University of Rochester Medicine researchers found in a mouse model that the muscle stiffness associated with myotonic dystrophy type 1 may actively worsen muscle damage instead of serving only as a symptom.
The study, published in Nature Communications, suggests that treatments aimed at reducing stiffness could help preserve muscle function while complementing emerging therapies that target the disease's underlying genetic cause.
Myotonic dystrophy type 1, also known as DM1, is the most common form of adult muscular dystrophy. The inherited disorder can cause progressive muscle weakness and wasting, delayed relaxation after muscle contraction, heart rhythm problems, cataracts, excessive daytime sleepiness and other symptoms.
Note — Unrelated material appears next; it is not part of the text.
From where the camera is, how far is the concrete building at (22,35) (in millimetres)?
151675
How stiffness may drive damage
DM1 begins with an abnormal expansion of repeated DNA segments in the DMPK gene. That mutation produces a toxic form of RNA that traps proteins needed to process genetic instructions correctly, causing hundreds or thousands of genes to be improperly spliced and creating abnormal proteins throughout the body.
One affected gene produces a chloride channel that helps muscles relax after they contract. Disruption of that channel makes muscles electrically overactive and causes myotonia, the delayed relaxation or stiffness associated with the disease.
Researchers have long focused on removing the toxic RNA. John Lueck, an associate professor of pharmacology and physiology at Rochester and senior author of the study, said the new work examined whether myotonia merely reflects the disease or contributes to worsening muscle health.
Correcting one gene segment brought broader gains
The team genetically corrected a critical portion of the chloride channel gene in a mouse model while leaving the underlying disease process in place. Researchers expected the change to reduce muscle stiffness, but they also found that the mice produced greater muscle force and had healthier muscle tissue.
The correction also led to broad improvements in abnormal gene activity and RNA splicing. Lueck described myotonia as acting like a volume control that amplifies damage in muscle even when the toxic RNA remains present.
The findings build on earlier Rochester research showing that myotonia combined with another splicing defect affecting calcium channels made muscle disease substantially worse in mice. In that work, calcium channel-blocking drugs reversed many of the effects.
Findings could shape treatment research
Several experimental therapies moving toward clinical use are designed to remove the toxic RNA that causes DM1. The new study indicates that reducing myotonia may itself improve muscle health, potentially adding benefit beyond relief from stiffness.
Existing drugs including mexiletine and ranolazine can reduce myotonia, but the researchers said side effects may limit long-term use and many people with DM1 do not receive them. Lueck said safer, better-tolerated medicines targeting myotonia could complement RNA-based treatment or help patients who cannot access advanced therapies.
The study's Rochester co-authors included Matthew T. Sipple, Sakura A. Hamazaki, Lily A. Cisco, Christina S. Heil, Katherine M. Lupia and neurologist Charles Thornton. Researchers from Yale University and the Friedrich-Baur-Institute in Germany also contributed.
Funding came from several federal research institutes, the Myotonic Dystrophy Foundation and the German Research Foundation.